A huge wave-generating quake capable of killing as many people as in the 2004 Indian Ocean tsunami could strike off the Indonesian island of Sumatra, and the city of Padang is in the firing line, a team of seismologists said on Sunday.
The group -- led by a prominent scientist who predicted a 2005 Sumatran quake with uncanny accuracy -- issued the warning in a letter to the journal Nature Geoscience.
The peril comes from a relentless buildup of pressure over the last two centuries on a section of the Sunda Trench, one of the world's most notorious earthquake zones, which runs parallel to the western Sumatra coast, they said.
This section, named after the Mentawai islands, "is near failure," the letter warned bluntly.
"The threat of a great tsunamigenic earthquake with a magnitude of more than 8.5 on the Mentawai patch is unabated. (...) There is potential for loss of life on the scale of the 2004 Indian Ocean tsunami."
The letter gave no timeframe for this event but warned starkly of the danger for Padang, a city of 850,000 people that lies broadside to the risky segment.
"The threat from such an event is clear and the need for urgent mitigating action remains extremely high," it said.
More than 220,000 people lost their lives in the killer wave of December 26 2004 when a 9.3-magnitude earthquake, occurring farther north on the Sunda Trench, ruptured the boundary where the Australian plate of Earth's crust plunges beneath the Eurasian plate.
The authors of the letter are led by John McCloskey, a professor of the Environmental Sciences Research Institute at the University of Ulster, Northern Ireland.

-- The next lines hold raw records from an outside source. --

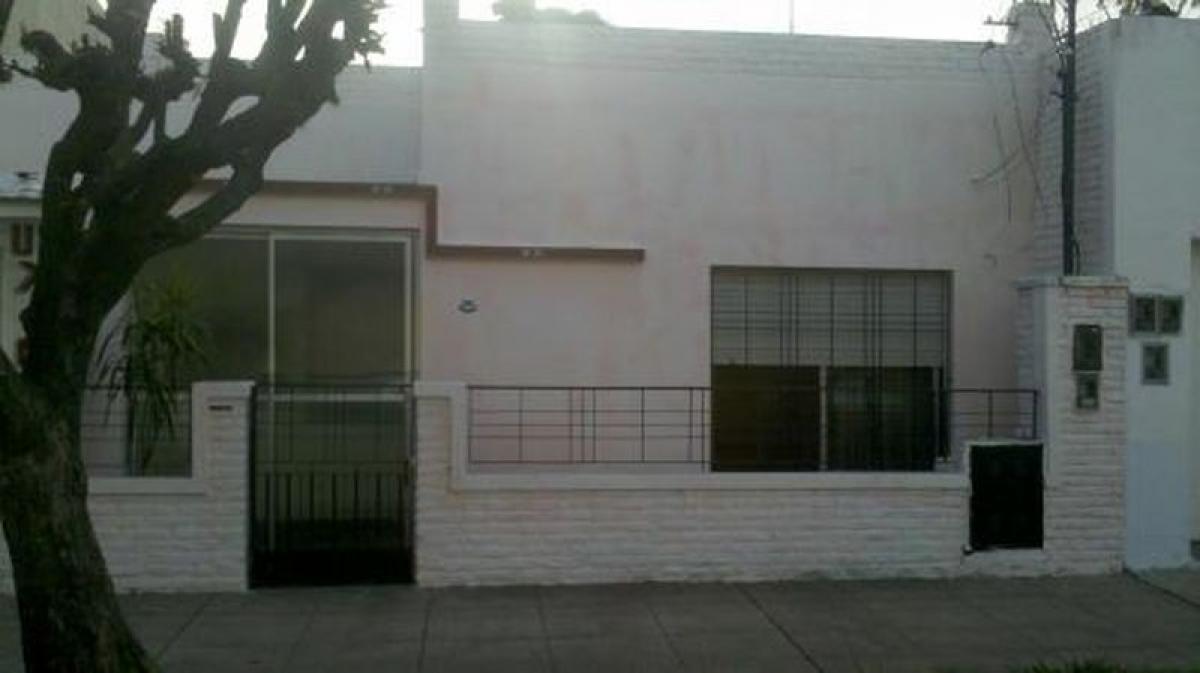 2 bedrooms House in Tres de Febrero, Argentina No. 68830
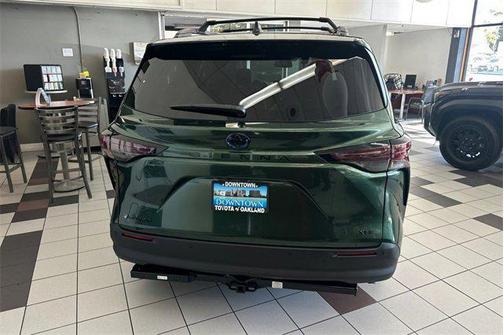 2025 Toyota Sienna Woodland Edition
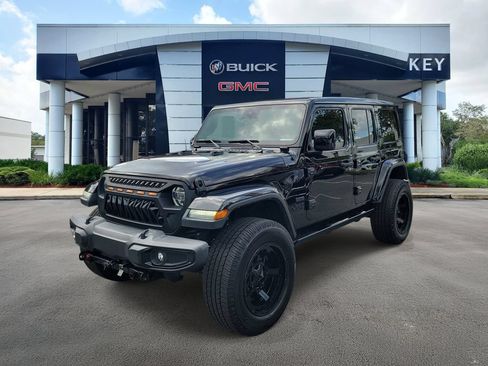 Used 2020 Jeep Wrangler Unlimited Sahara AWD/4WD image 2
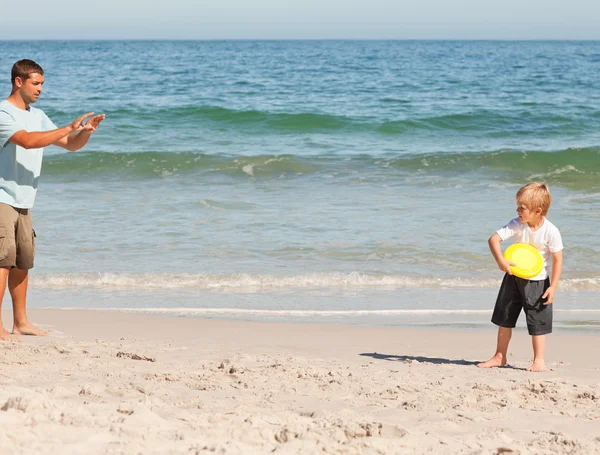 Pequeño niño jugando frisbee con su padre — Foto de Stock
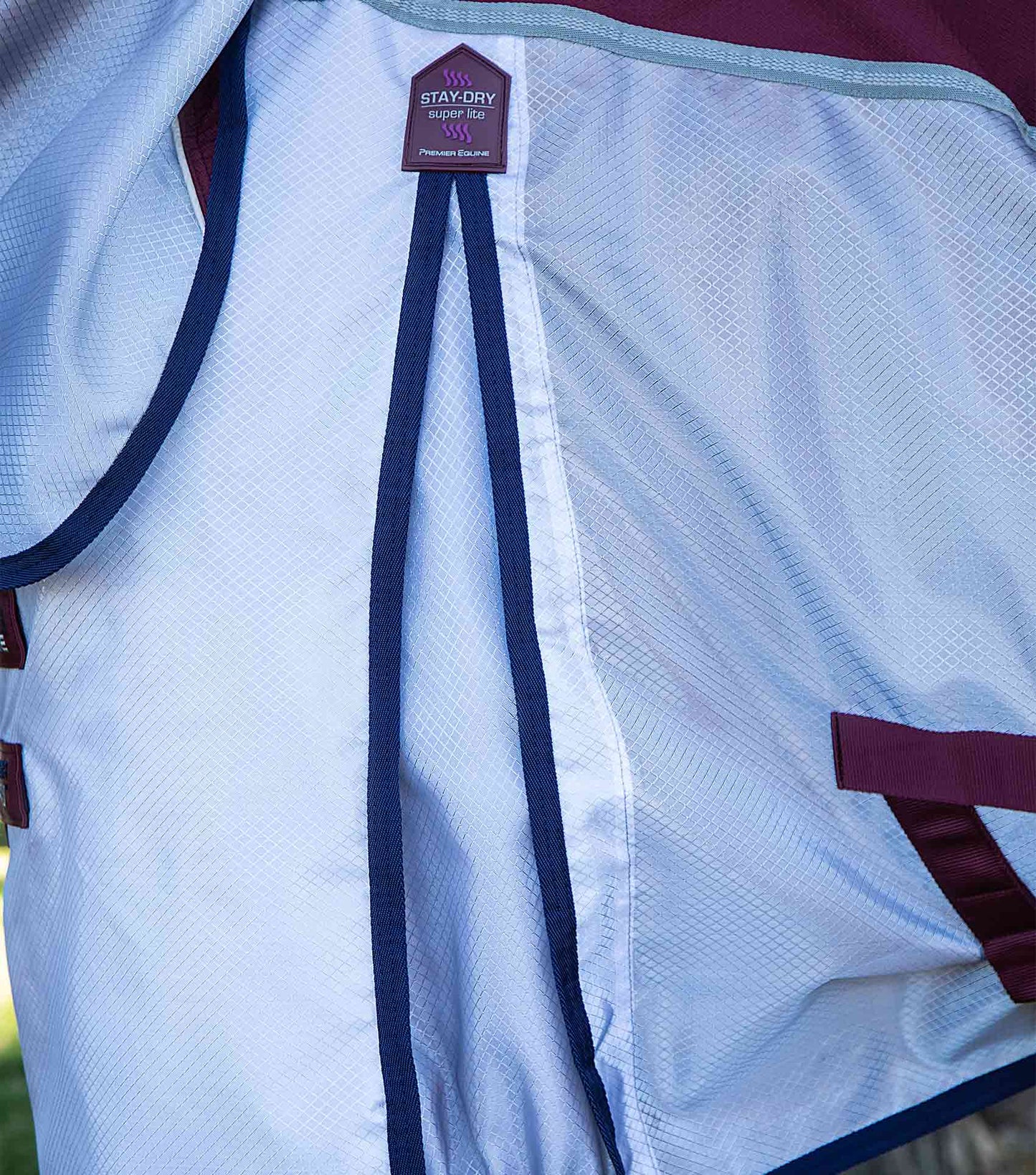 PE BUSTER STAY-DRY SUPER LITE FLY 
RUG WITH SURCINGLES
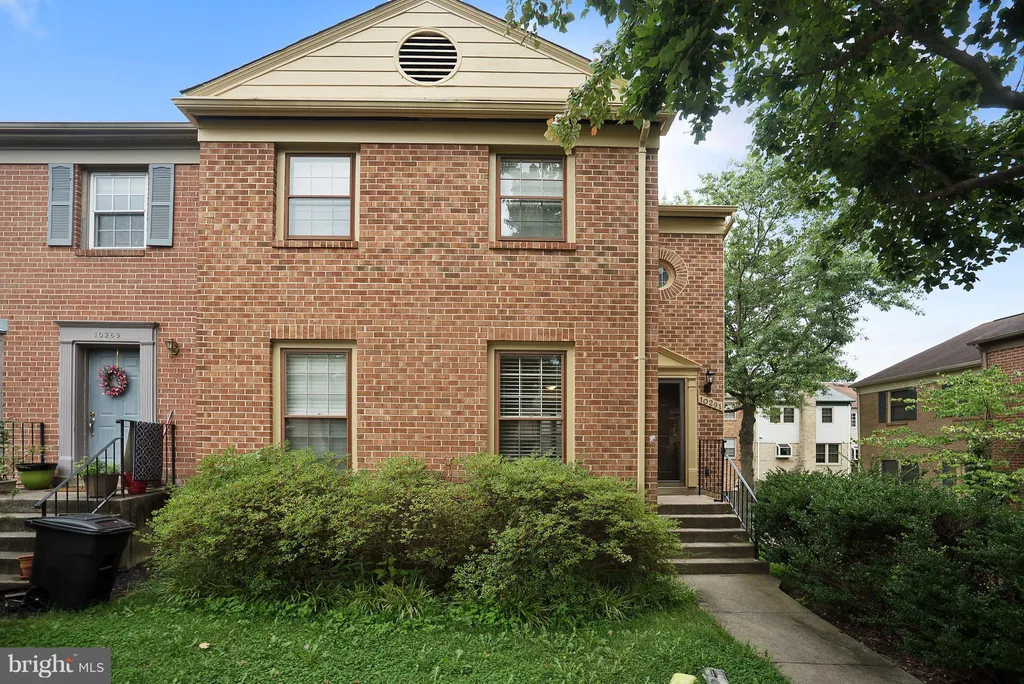 10291 Friendship Court, Fairfax, VA 22032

In March 2005, McCloskey warned that the December 26 2004 quake had built up major stress in an adjoining part of the fault to the south. He declared a temblor in the region of 8.5 magnitude with the capacity to generate a tsunami was imminent and urged the authorities to beef up preparations.
Such predictions are extraordinarily rare in the world of seismology. Knowledge of where earthquakes strike is extensive but the ability to say when they will occur remains elusive.
But McCloskey was proven right within two weeks. On March 28 2005, a quake measuring 8.6 erupted at Simeulue island, generating a three-metre (10-feet) tsunami.
In the letter to Nature Geoscience, his team explained their calculations for the vulnerable Mentawai segment in the aftermath of a 7.6-magnitude quake that occurred 60 kilometers (37 miles) near Padang on September 30 last year, killing more than 1,000 people.
Despite its size, this event did not ease the pressure on the Mentawai section, especially under the island of Siberut. Stresses there have been accumulating since an 8.7-magnitude quake in 1797 that caused fault slippage of 10 metres (32.5 feet) and unleashed a tsunami that inundated Padang and neighbouring areas.
Under Siberut, the largest of the Mentawai islands, "the megathrust strain-energy budget remains substantially unchanged" after the 2009 quake, McCloskey's team said.
"It is imperative that the Indonesian authorities, with the assistance of the international community and non-governmental organisations, ensure that they complete the relief effort and earthquake-resistant reconstruction following this earthquake, and work with the people in Padang to help prepare them for the next one."